Tuesday, March 12, 2013

Alumni Profile: Ari Goelman




Dahlia Shulman is not happy about wasting three weeks of her summer at a Jewish summer camp.  In fact, she's miserable about it.   But once she arrives, Camp Arava quickly proves more interesting than Dahlia expected. First she sees two little girls walk through the wall of her cabin. Then come the dreams about a young Jewish man getting chased through the streets of New York City.  The camp goofball makes Dahlia his best friend, while the camp caretaker seems to think she’s his worst enemy.

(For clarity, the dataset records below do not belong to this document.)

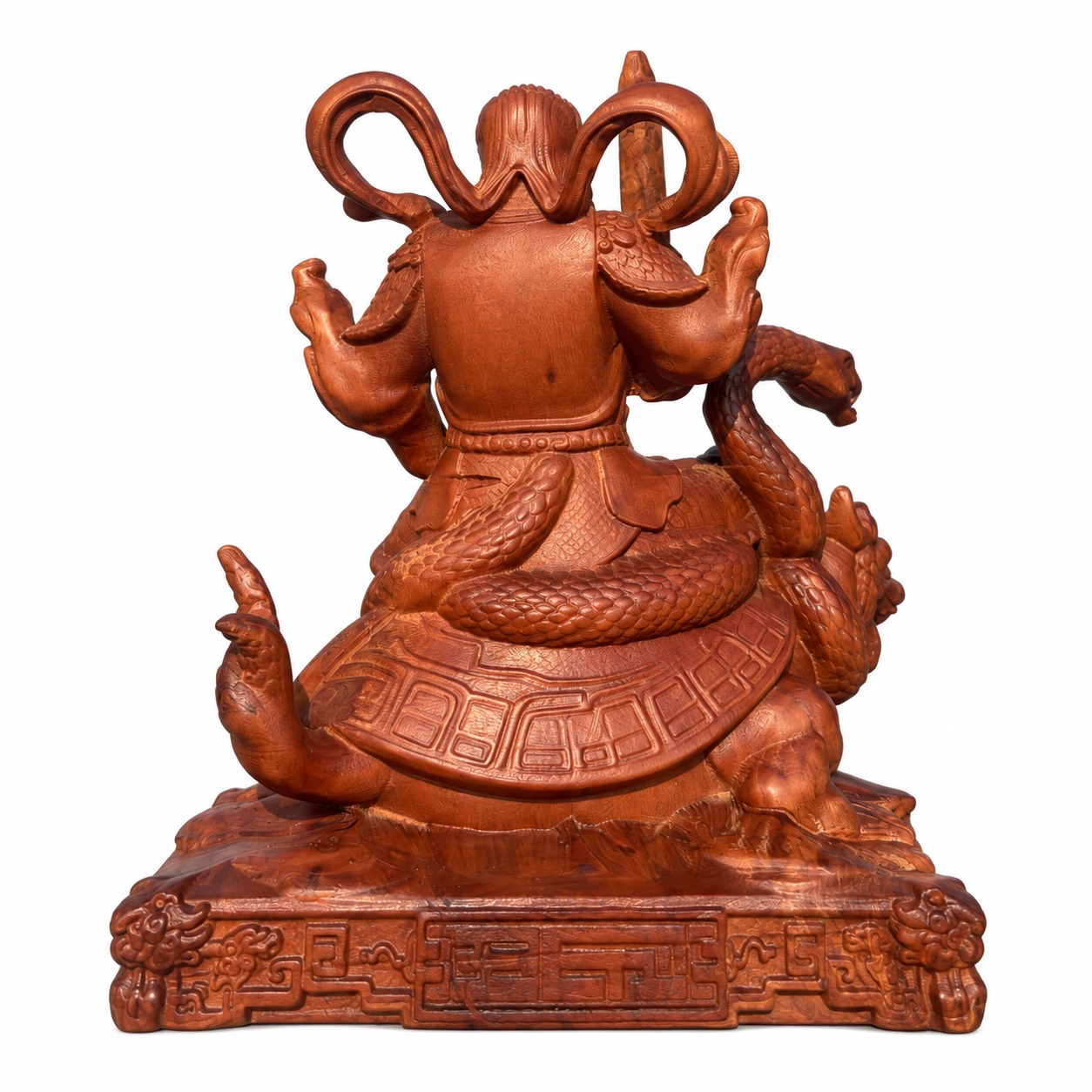 Zhenwu Emperor Wood Statue, approved main product view.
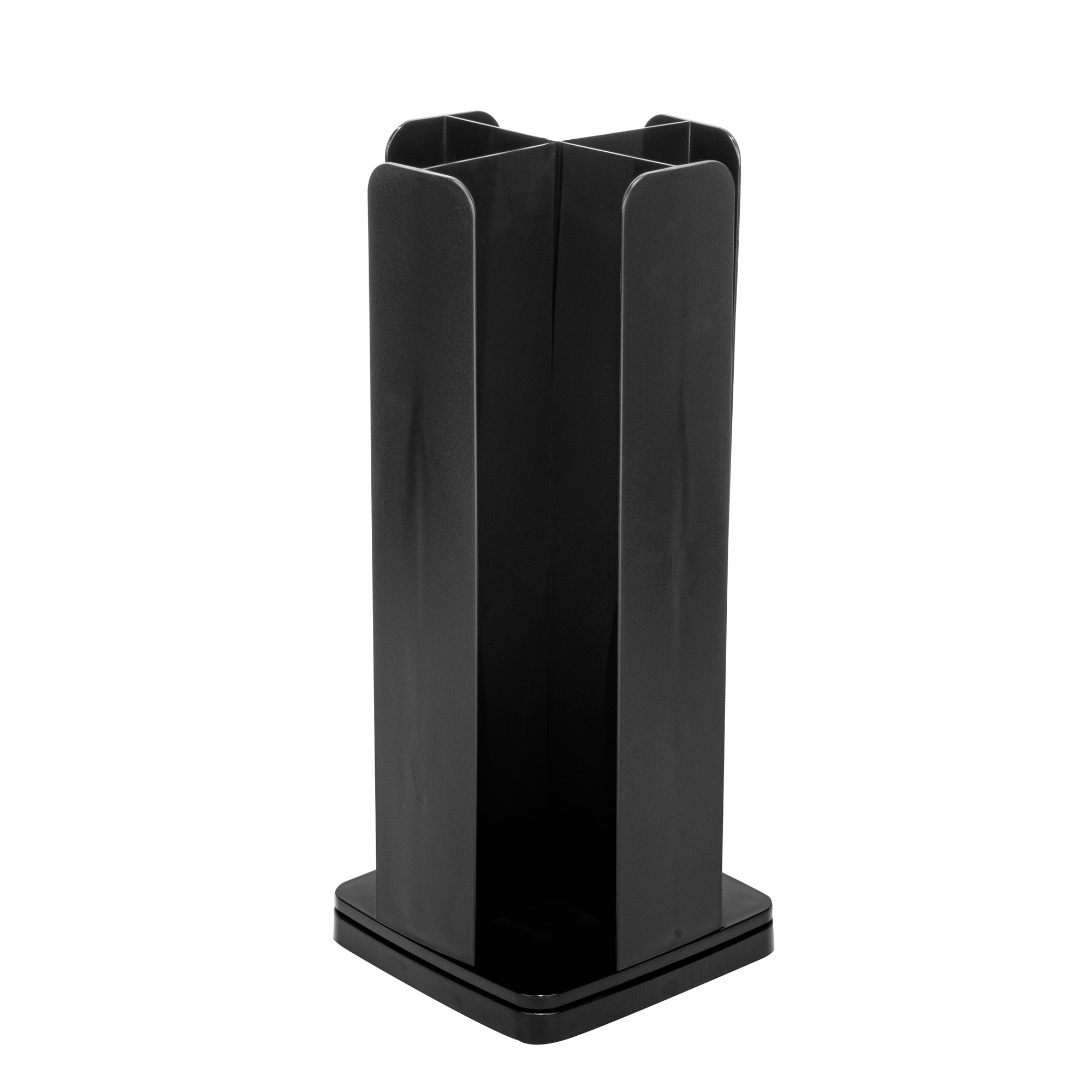 Restpresso Black Plastic Coffee Cup / Lid Organizer - 4 Compartments - 8 1/4" x 8 1/4" x 19 3/4" - 1 count box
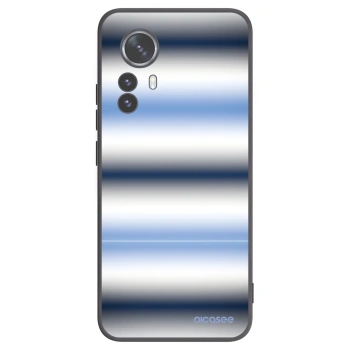Picasee silikonski črni ovitek za Xiaomi 12 Pro - Static Lines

And there’s a mysterious hedge maze none of the campers are allowed to get near . . .

This sets the scene for The Path of Names, the first novel written by Galil alumnus Ari Goelman, which will be released in May.  Save the date: Galil will be hosting a special reading and meet & greet with Ari in Philadelphia on Tuesday, May 28th.  In the mean time, get to know Ari and The Path of Names better!  Also, check out his website and Facebook page to keep up to date with Ari.


Name?  Ari Goelman

Hometown?  King of Prussia / Philadelphia
           
Current location?  Vancouver                  

When will The Path of Names be released?  May, 2013

Years at camp?  1983-1997.  I was a counselor from 1990-1994 & 1997, and on mazkirut in 1995 & 1996.

How did you learn about Galil? From my family:  my older brother and sister went to Galil, as did my uncle twenty years earlier.  My grandfather visited the site in the 1940s, a few years before it was acquired by Galil. In fact, imagining that visit - a teenager from the Lower East Side visiting rural Pennsylvania in the 1940s -  is part of what sparked the mystery at the heart of The Path of Names.

Favorite camp memory? That’s a tough one to answer.  I was at camp for a long time!  Here are a few:  playing frisbee after dinner until it was too dark to see the disc;  writing and watching the Friday night oneg skits; the seemingly constant need to dress up wearing a fedora  (the legacy of which has left me unable to wear a fedora as an adult, without some kind of excuse.)

Favorite camp activity? Same caveat as above, but I’ll go with the camper generated skits in front of the weekly bonfire.

Favorite special day or out-of-camp trip? I was always a fan of the rafting trips on the Delaware.  This is a little hard for me to explain since, as best I recall, these mostly involved lying on the raft, eating extremely soggy peanut butter and jelly sandwiches, and wishing you had brought more sunscreen.

Favorite camp song?  Sandwiches Are Beautiful.

How did your experience at Galil impact the creation of The Path of Names?  Other than the obvious familiarity in Camp Arava's map, are there other similarities to Galil?  I wrote the short story that eventually morphed into The Path of Names just a few summers after I had stopped going to Galil.  It was a beautiful summer in Seattle, and I found myself thinking of Galil a lot.  So my years of experience at Galil certainly inspired my decision to set the story in a summer camp.  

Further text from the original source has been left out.